*** Opening of RECORDS SHOWN ***

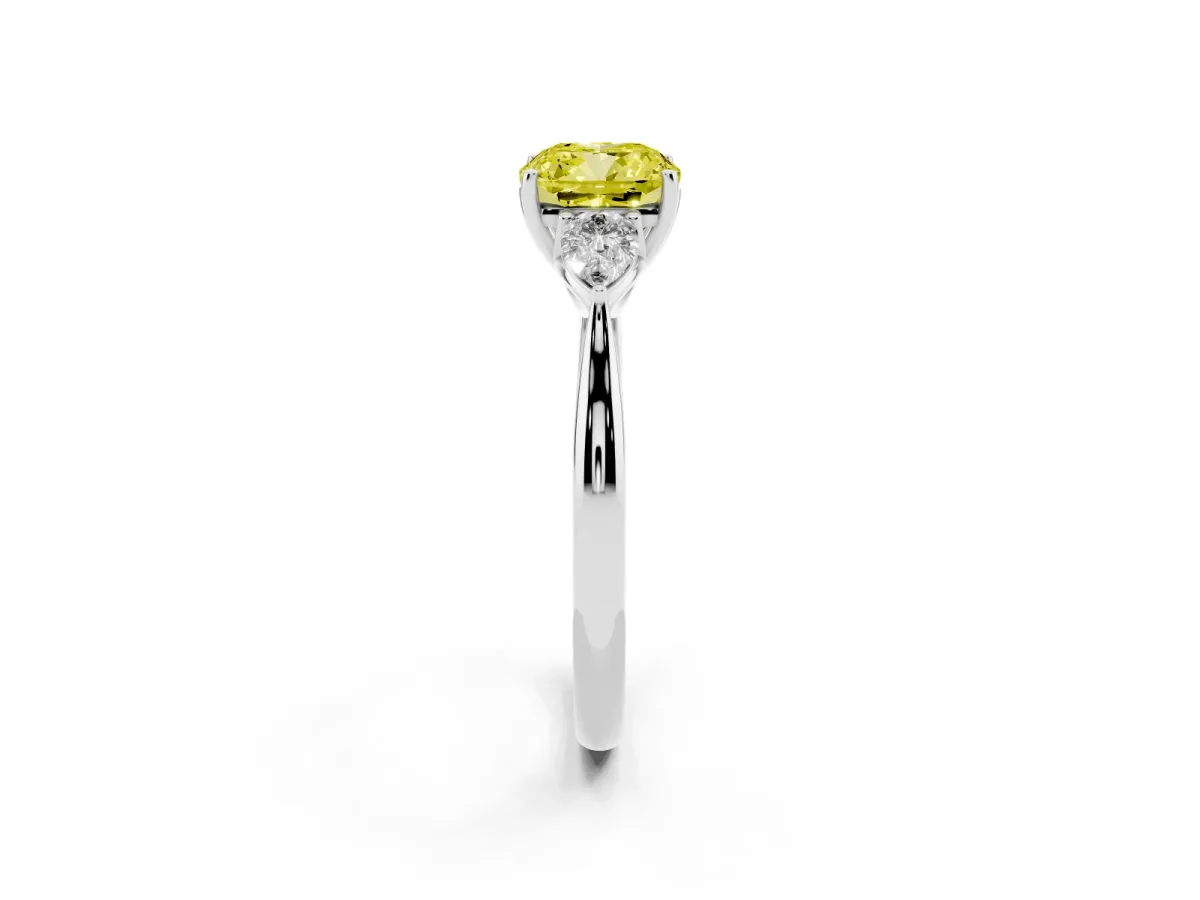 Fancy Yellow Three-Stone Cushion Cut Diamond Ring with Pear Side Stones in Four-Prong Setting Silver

*** Close of RECORDS SHOWN ***
*** Opening of RECORDS SHOWN ***

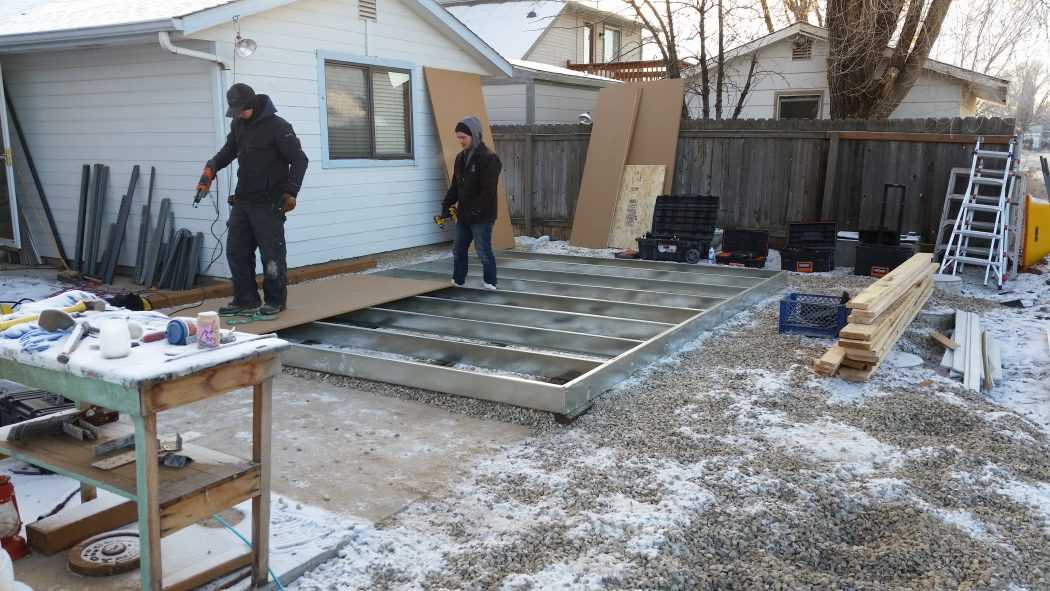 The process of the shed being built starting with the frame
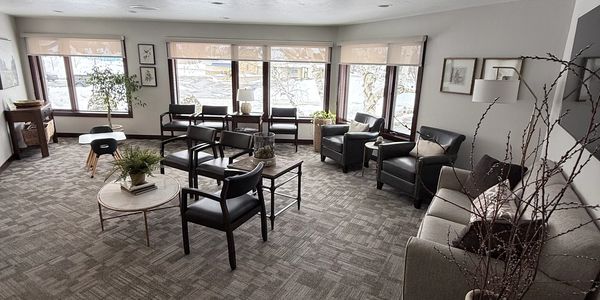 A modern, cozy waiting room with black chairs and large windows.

*** Close of RECORDS SHOWN ***

Everything from the line with "The process of" through the line with "A modern, cozy" in the material above should be transcribed exactly, except the pictures.

 The process of the shed being built starting with the frame
 A modern, cozy waiting room with black chairs and large windows.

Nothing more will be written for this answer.